• _WHAT YOU HAVE TO DO_
Beginning at the line that contains "Cocotte-eieren met champignons", reproduce the entries below exactly, ending with the line that contains "AK Rottweil a. Neckar, strasse mit Rathaus". Omit each picture.

• _THE RECORDS_
BEGIN

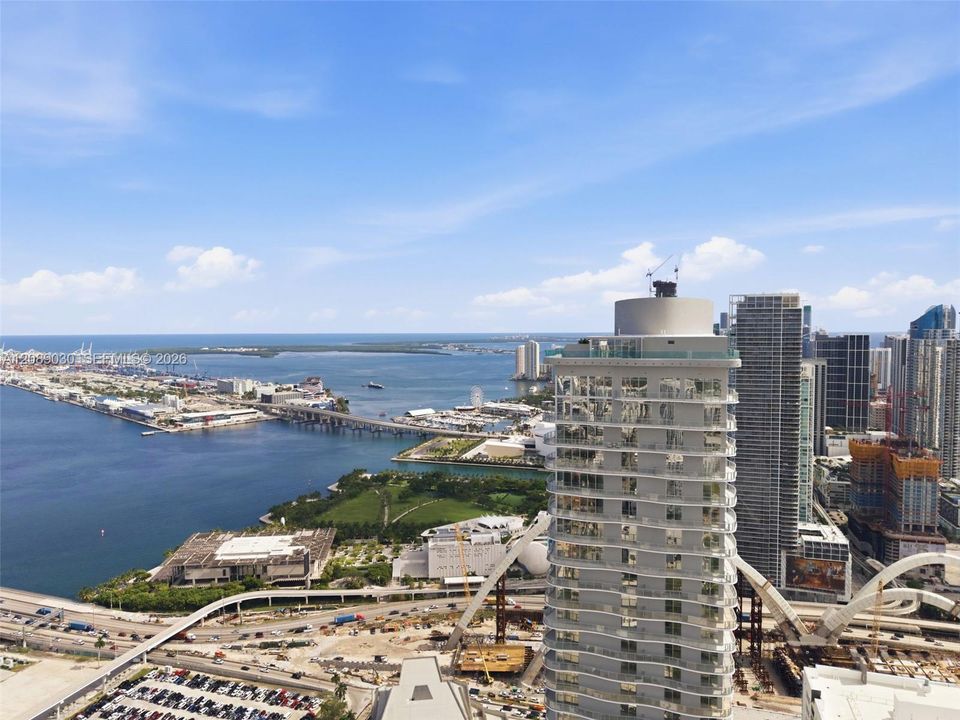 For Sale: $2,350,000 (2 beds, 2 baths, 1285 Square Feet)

END
BEGIN

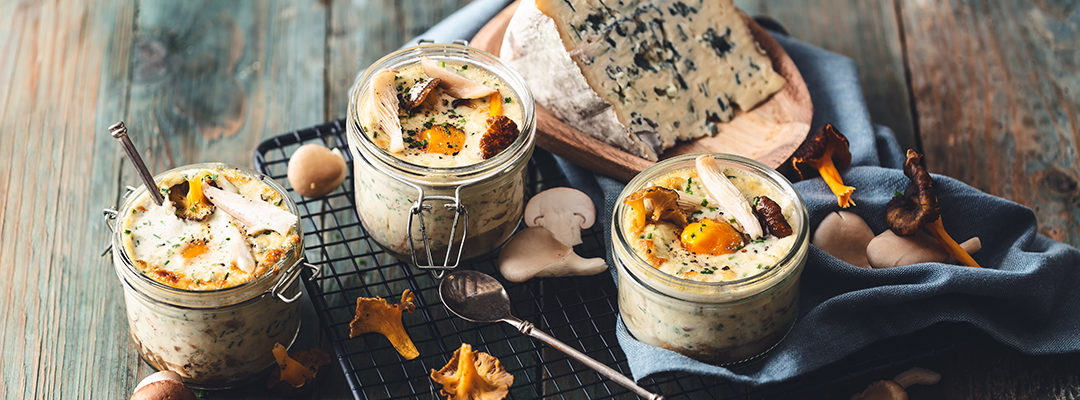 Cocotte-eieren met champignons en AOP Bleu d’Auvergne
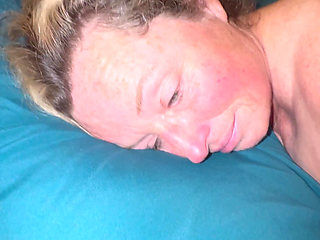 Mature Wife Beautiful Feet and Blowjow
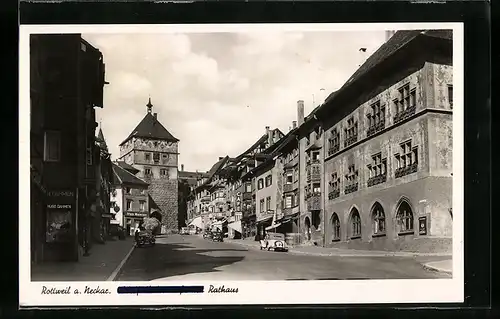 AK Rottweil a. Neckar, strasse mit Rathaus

END

• _ANSWER BELOW_
 Cocotte-eieren met champignons en AOP Bleu d’Auvergne
 Mature Wife Beautiful Feet and Blowjow
 AK Rottweil a. Neckar, strasse mit Rathaus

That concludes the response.